Recorded data
◆ ◆ ◆

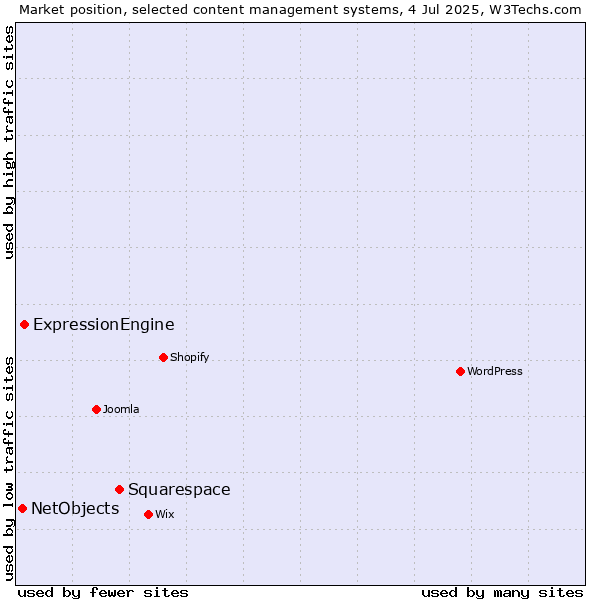Market position of Squarespace vs. ExpressionEngine vs. NetObjects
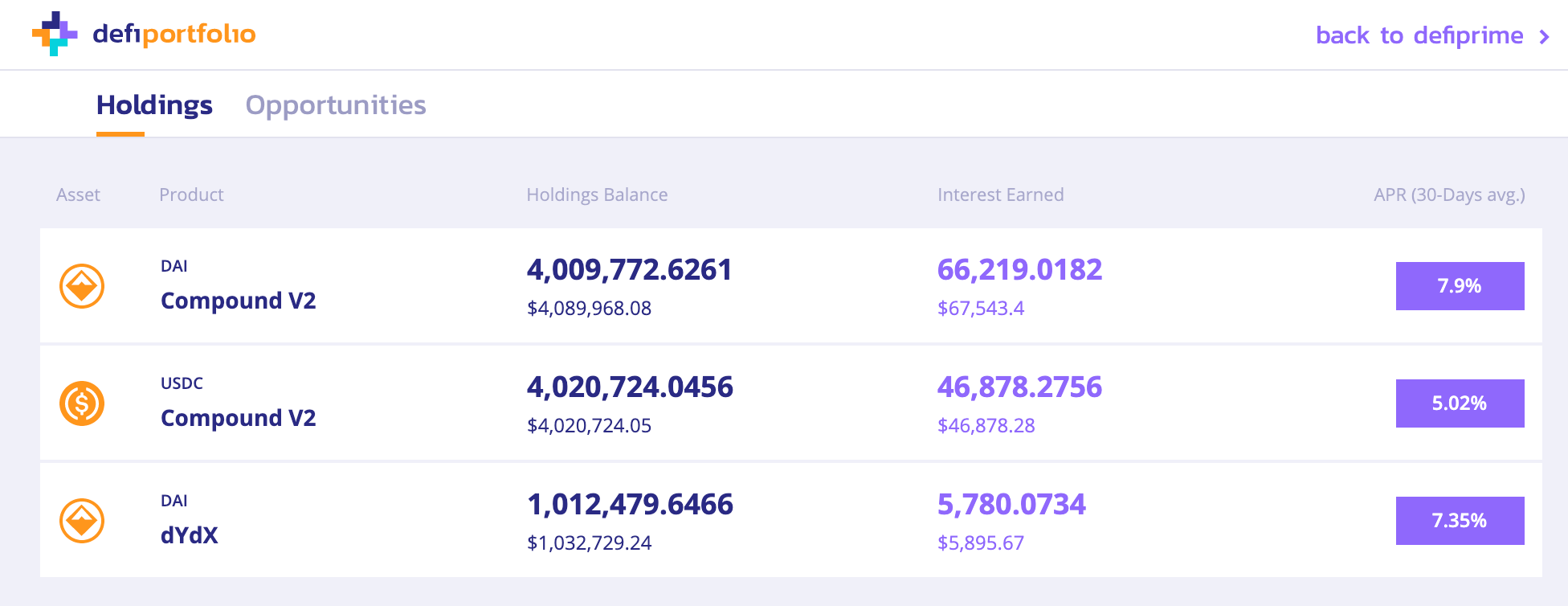 DeFi Portfolio Tracker gallery image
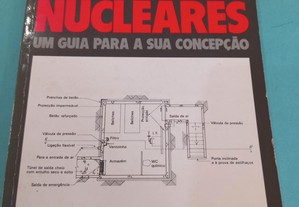 Abrigos Nucleares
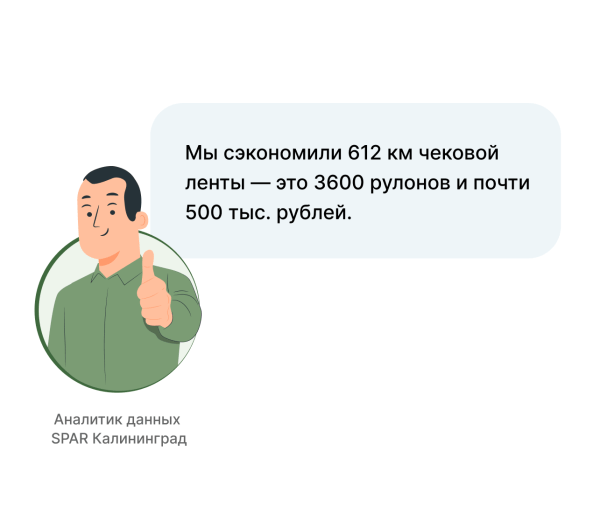 Как сеть магазинов SPAR помогла экологии и сэкономила 500 000 рублей на бумажных чеках
Как сеть магазинов SPAR помогла экологии и сэкономила 500 000 рублей на бумажных чеках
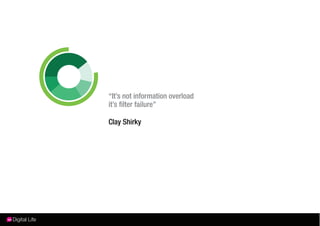 “It’s not information overload
it’s ﬁlter failure”

Clay Shirky
 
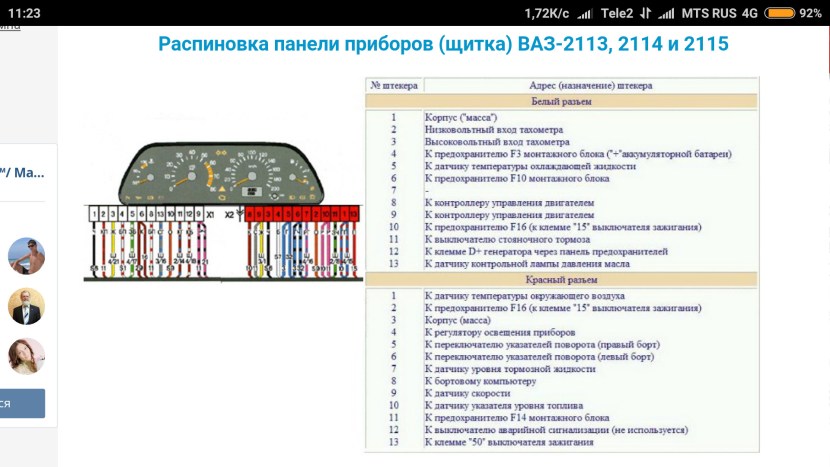 VAZ 2114 dashboard connection diagram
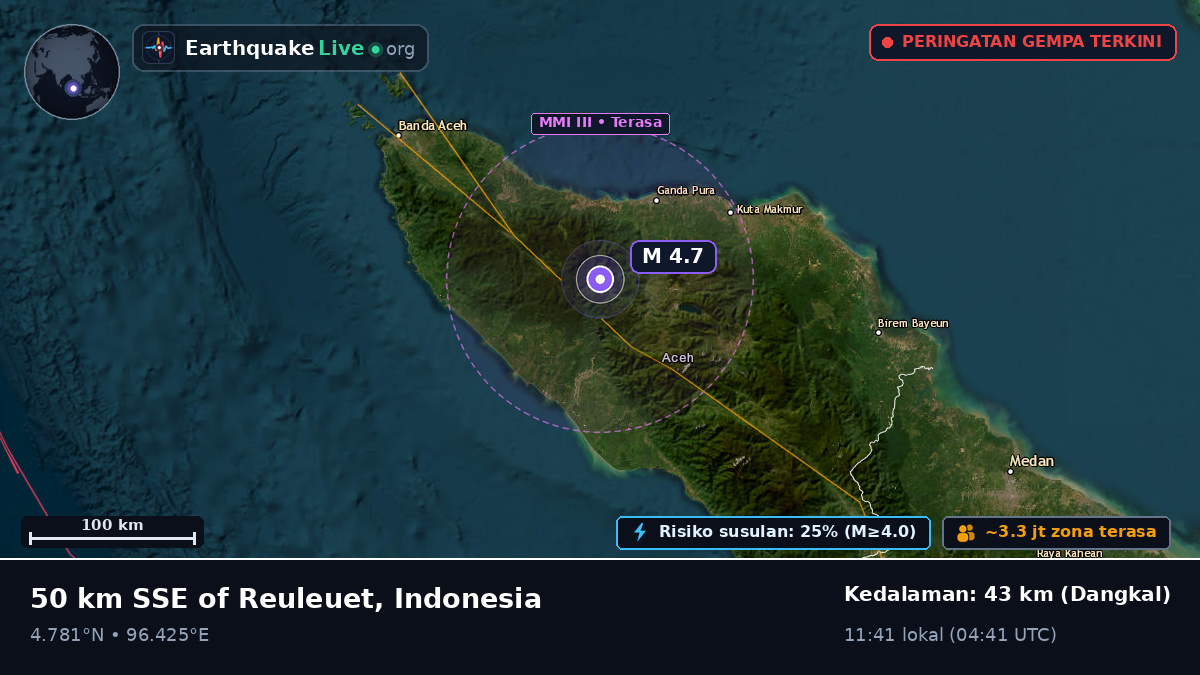 Aceh, Indonesia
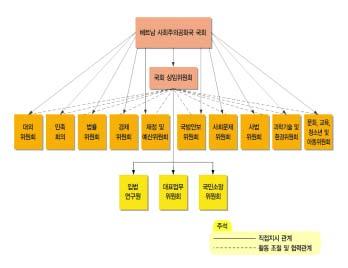 제 3 장베트남통치기구의특징 2. 조직 베트남국회는국회상무위원회와대외위원회, 민족회의, 법률위원회, 경제위원회, 재정및예산위원회, 국방및안보위원회, 사회문제위원회, 사법위원회, 과학 기술및환경위원회, 문화 교육 청소년및아동위원회로구성되어있다 ( 국회조직법제22조 25) ).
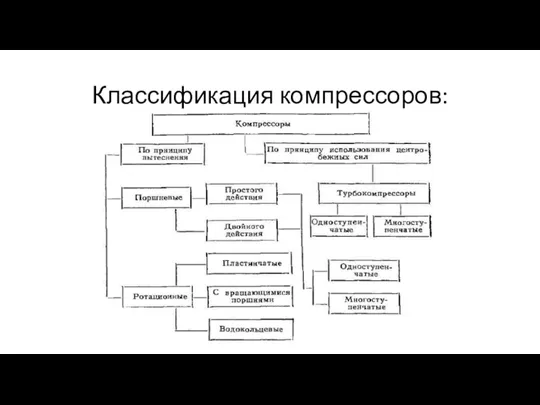 Классификация компрессоров:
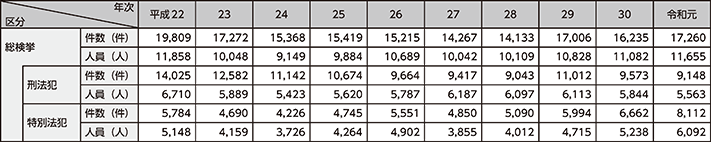 図表4-15　来日外国人犯罪検挙状況の推移（平成22～令和元年）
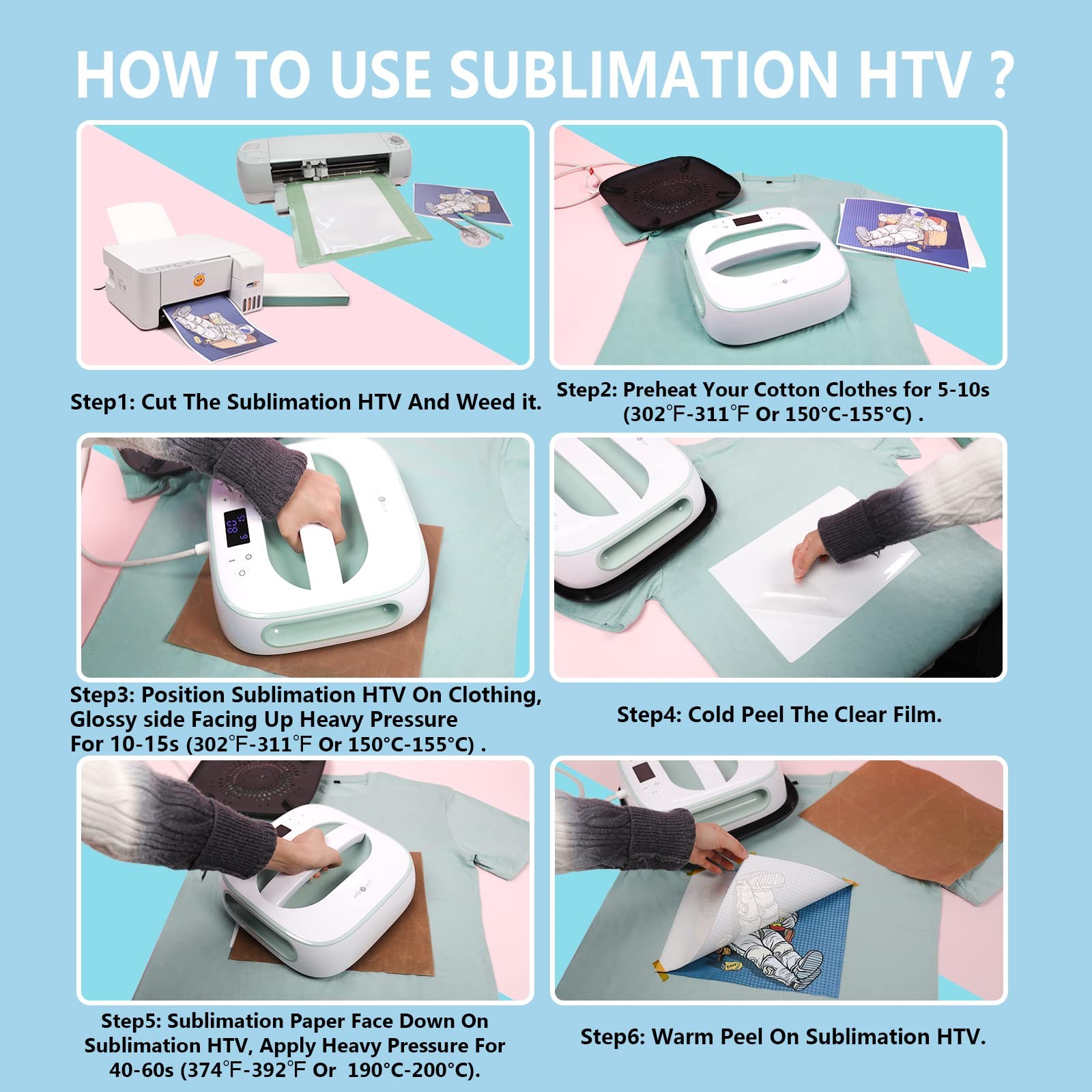 Sublimation Vinyl for Dark/Light Fabric – 12″ X 20FT Sublimation HTV Matte – …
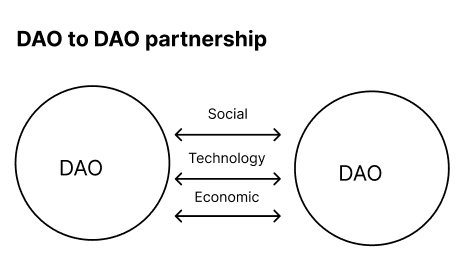 DAO collaboration layers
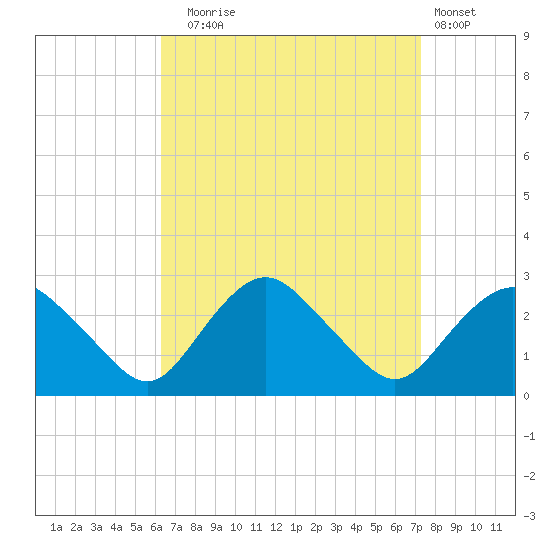 Orient tide chart for Wednesday, September 4, 2024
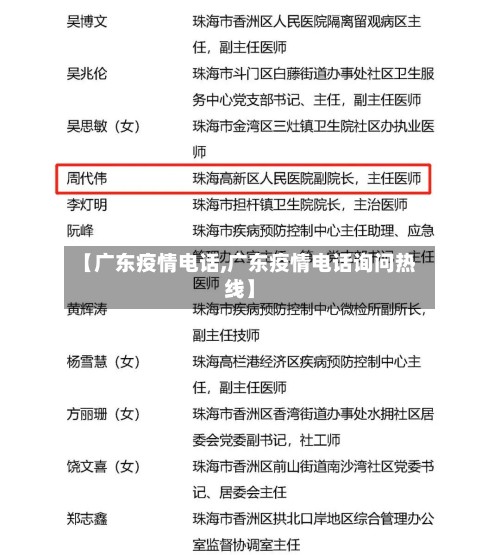 【广东疫情电话,广东疫情电话询问热线】-第2张图片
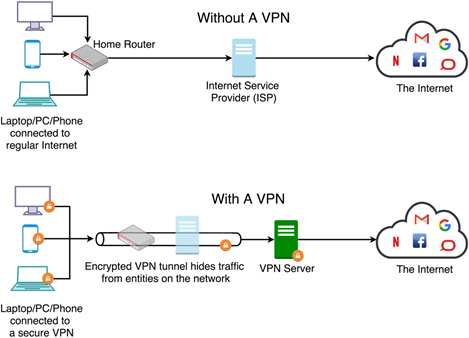 VPN Device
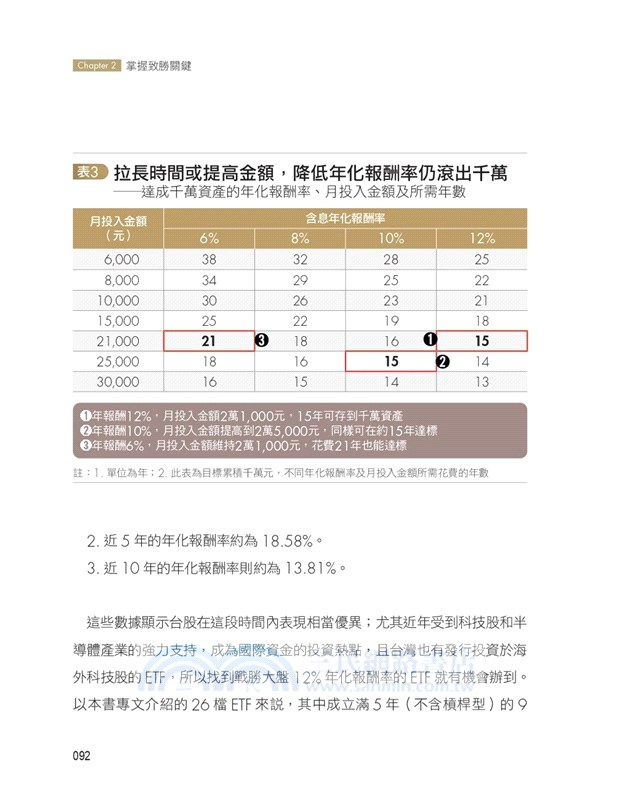 大量買進：專注本業，閒錢All In-大俠武林教小資變富有的實戰練習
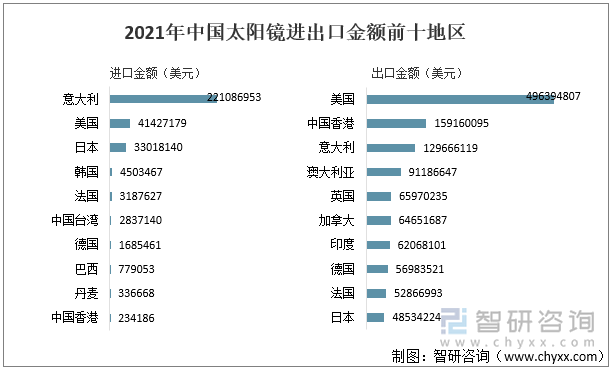 2021年中国太阳镜进出口金额前十地区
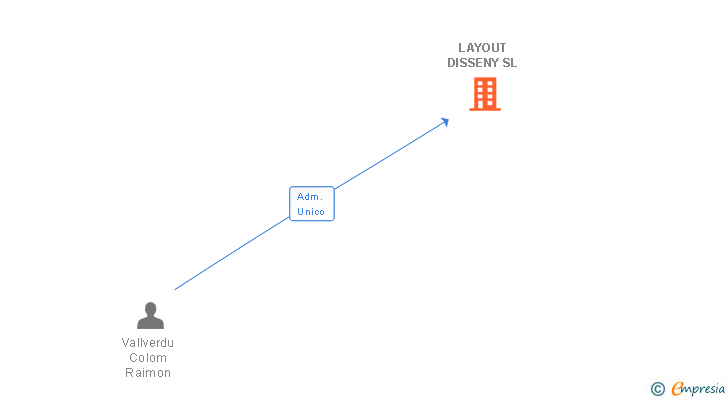 Vinculaciones societarias de LAYOUT DISSENY SL (EXTINGUIDA)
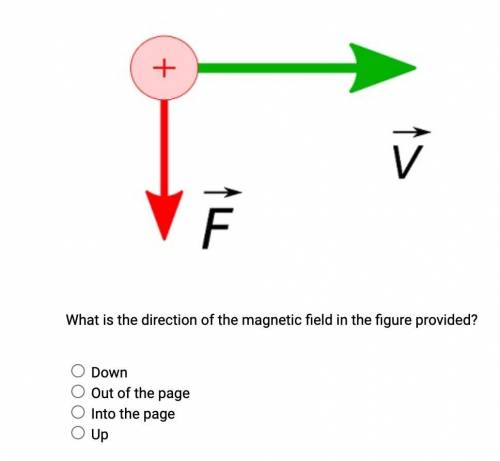 What is the direction of the magnetic field in the image provided?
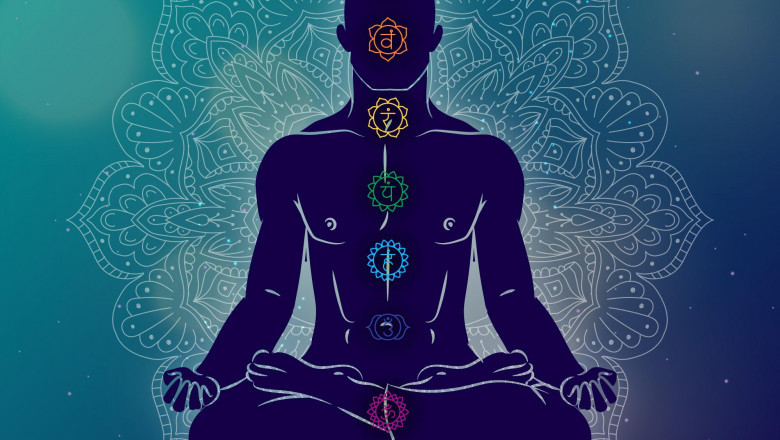 Learning and Practicing Yoga Sutras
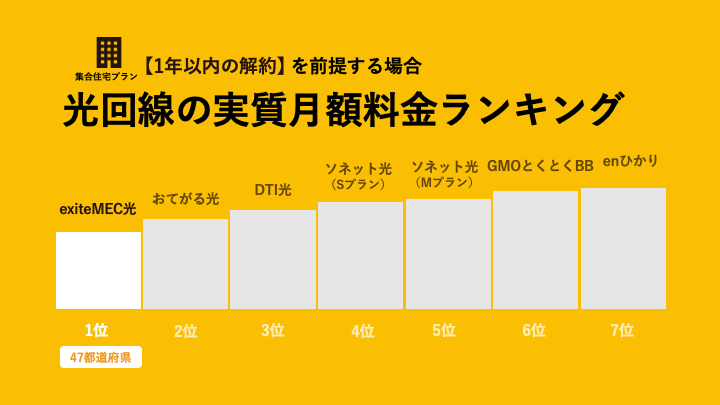 契約期間に縛りがない光回線の実質月額料金ランキング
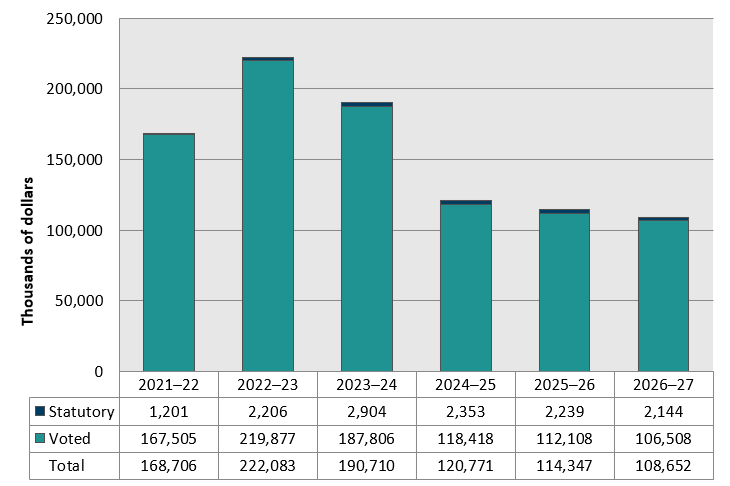 Approved funding (statutory and voted) over a six-year period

◆ ◆ ◆

WHAT YOU WILL DO
Please output the records exactly, leaving the pictures out.

ANSWER BOX
Market position of Squarespace vs. ExpressionEngine vs. NetObjects
 DeFi Portfolio Tracker gallery image
 Abrigos Nucleares
 Как сеть магазинов SPAR помогла экологии и сэкономила 500 000 рублей на бумажных чеках
Как сеть магазинов SPAR помогла экологии и сэкономила 500 000 рублей на бумажных чеках
 “It’s not information overload
it’s ﬁlter failure”

Clay Shirky
 
 VAZ 2114 dashboard connection diagram
 Aceh, Indonesia
 제 3 장베트남통치기구의특징 2. 조직 베트남국회는국회상무위원회와대외위원회, 민족회의, 법률위원회, 경제위원회, 재정및예산위원회, 국방및안보위원회, 사회문제위원회, 사법위원회, 과학 기술및환경위원회, 문화 교육 청소년및아동위원회로구성되어있다 ( 국회조직법제22조 25) ).
 Классификация компрессоров:
 図表4-15　来日外国人犯罪検挙状況の推移（平成22～令和元年）
 Sublimation Vinyl for Dark/Light Fabric – 12″ X 20FT Sublimation HTV Matte – …
 DAO collaboration layers
 Orient tide chart for Wednesday, September 4, 2024
 【广东疫情电话,广东疫情电话询问热线】-第2张图片
 VPN Device
 大量買進：專注本業，閒錢All In-大俠武林教小資變富有的實戰練習
 2021年中国太阳镜进出口金额前十地区
 Vinculaciones societarias de LAYOUT DISSENY SL (EXTINGUIDA)
 What is the direction of the magnetic field in the image provided?
 Learning and Practicing Yoga Sutras
 契約期間に縛りがない光回線の実質月額料金ランキング
 Approved funding (statutory and voted) over a six-year period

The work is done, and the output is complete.